— What to work on —
Copy only what lies from the line containing "A screenshot of" through the line containing "Set of Danish" in the entries below, keeping both end lines exact and dropping every picture.

— Source records —
------------------------------------

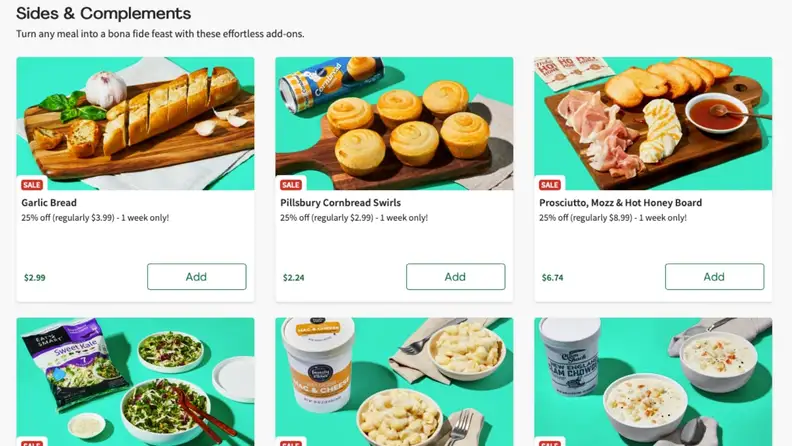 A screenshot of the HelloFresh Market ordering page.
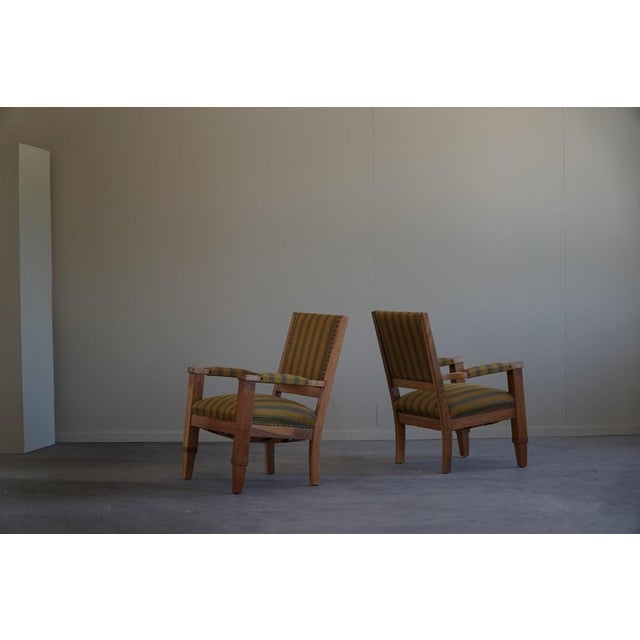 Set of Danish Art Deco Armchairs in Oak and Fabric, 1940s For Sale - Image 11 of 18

------------------------------------

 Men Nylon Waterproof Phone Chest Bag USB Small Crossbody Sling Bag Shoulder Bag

------------------------------------

— Solution for this exercise —
 A screenshot of the HelloFresh Market ordering page.
 Set of Danish Art Deco Armchairs in Oak and Fabric, 1940s For Sale - Image 11 of 18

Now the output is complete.